How to add content grouping for Google Analytics in Jekyll

How to add content grouping for Google Analytics to a Jekyll website

Google has a really nice feature where you can lump different groupings of content together in order to answer questions like “what colour of shoe converts best on my site” or “what type of content has the most engagement”.

The latter question is one I’m sure plenty of Jekyll users have for their site.

If you have a content hierarchy that is clearly visible from the URL structure then you can set everything up in Google Analytics without any code changes. An example of this would be a URL that looked like;

https://mysite.com/broad-category/sub-category/content.html

This guide assumes you have more of a flat structure (like I have), with all content hanging off the root domain.

Setting up Content Grouping on Google Analytics

Step zero in all of this is to work out what content groupings you need. For my blog I have fairly simple needs, I want to know what categories of content are performing well. You may have more detailed requirements. If you do, don’t worry, Jekyll can handle it all.

Once you know what you want you need to go to the admin area for the site you care about inside of Google Analytics.

There, under the “View” section you will see Content Grouping, click on it.

Where to find Content Grouping in Google Analytics
Where to find Content Grouping in Google Analytics

For our simple case we just want to do the following;

  • Click New Content Grouping
  • Give it a name (I used Content Type)
  • Select the Group By Tracking Code Option
  • Take a note of the code used

The code to take a note of should look something like

ga('set', 'contentGroup1', 'My Group Name');

That should be everything you need to do on Google’s side.

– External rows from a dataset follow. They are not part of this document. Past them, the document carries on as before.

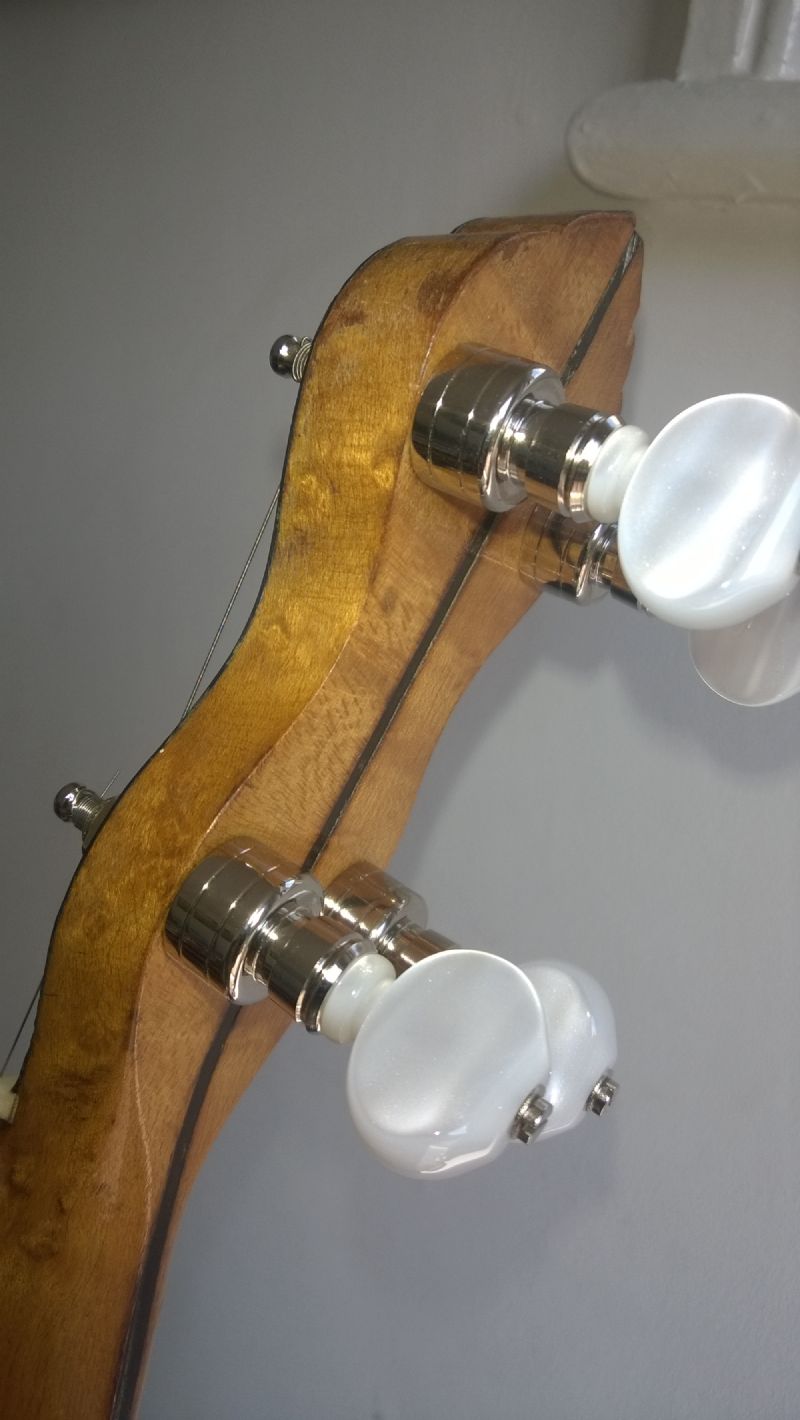 Geared tuners fitted onto banjo headstock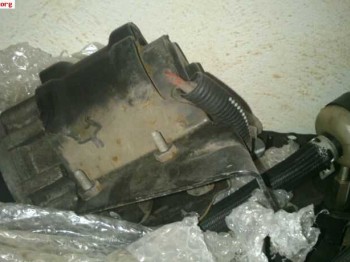 Se vende bomba de direccion de saxo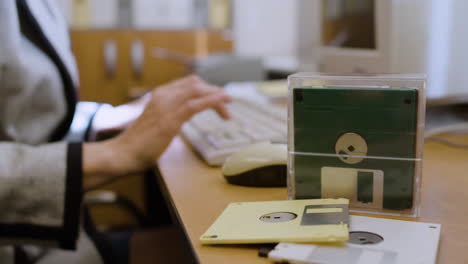 vista de cerca de una caja con discos retro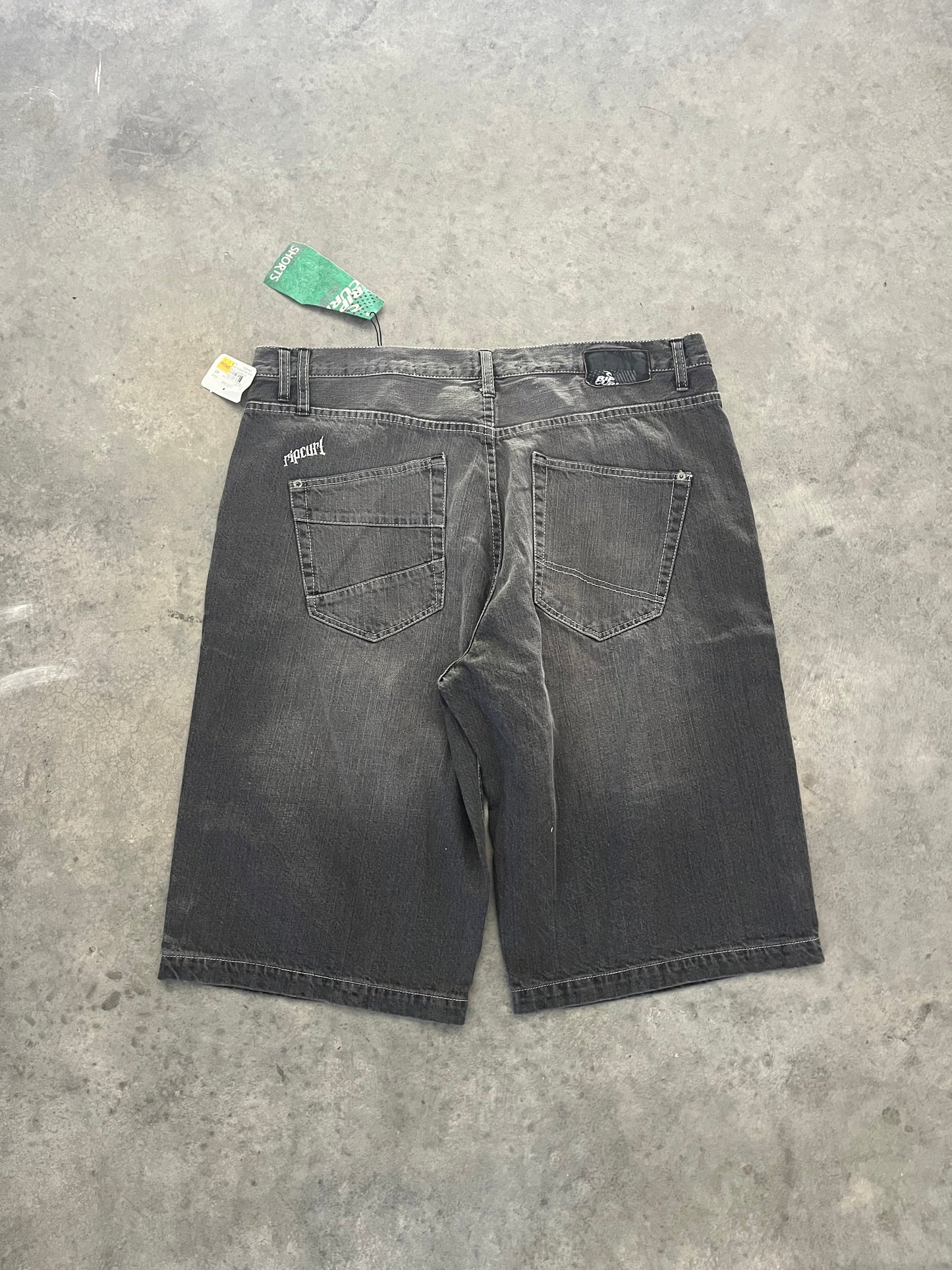 BNWT ripcurl jorts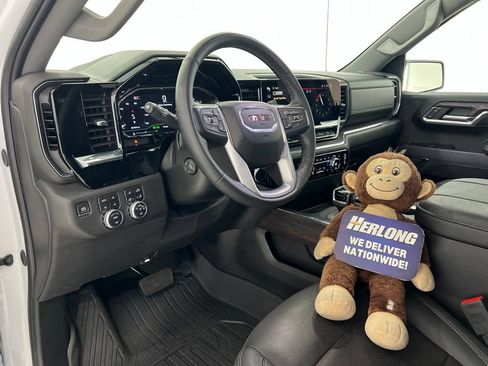 Used 2024 GMC Sierra 1500 SLT w/ SLT Premium Package AWD/4WD image 10
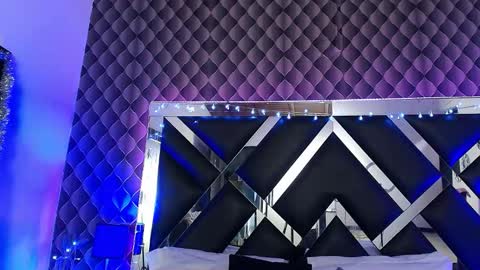 victtoria lee online show from February 2026 07:57:02 PM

Now lets get the code set up in Jekyll.

Setting up Content Grouping on Jekyll

Locate the file where you include your Google Analytics code, it is there we need to add our new bit of code.

Your current Google Analytics code should look something like;

(function(i,s,o,g,r,a,m){i['GoogleAnalyticsObject']()=r;i[r]()=i[r]()||function(){
  (i[r]().q=i[r]().q||[]()).push(arguments)},i[r]().l=1*new Date();a=s.createElement(o),
  m=s.getElementsByTagName(o)[0]();a.async=1;a.src=g;m.parentNode.insertBefore(a,m)
  })(window,document,'script','//www.google-analytics.com/analytics.js','ga');

ga('create', 'UA-66666666-1', 'auto');

Just after the ga('create') is where we want to add our new code. But we need to do something a bit more special than simply copying and pasting. The dummy code we have has the hard-coded value of “My Group Name” we need to replace this with our category name, and we don’t want to include the code at all if we are on a page without a category.

Jekyll has some lovely properties which make this simple. Here is the completed code, I will explain it shortly;

{% if page.categories.first %}
  ga('set', 'contentGroup1', '{{ page.categories.first }}');
{% endif %}

The if block says “only execute this next line if there is non-empty content for page.categories.first.

  • If there is no page attribute, we won’t get in.
  • If we’re on a page but we haven’t defined any categories, we won’t get in.
  • If there are several categories, that is great, for our needs we just care about the first.

The code within the if simply replaced that hard-coded string we spoke about with the first category on our page. Imported to note the ' around it because this isn’t a simple JavaScript variable that will turn into a string, Jekyll would just put out an unstringified word and JavaScript wouldn’t know what to do with it.

I hope that helps, Content Grouping is really powerful and I would advise you get started with it!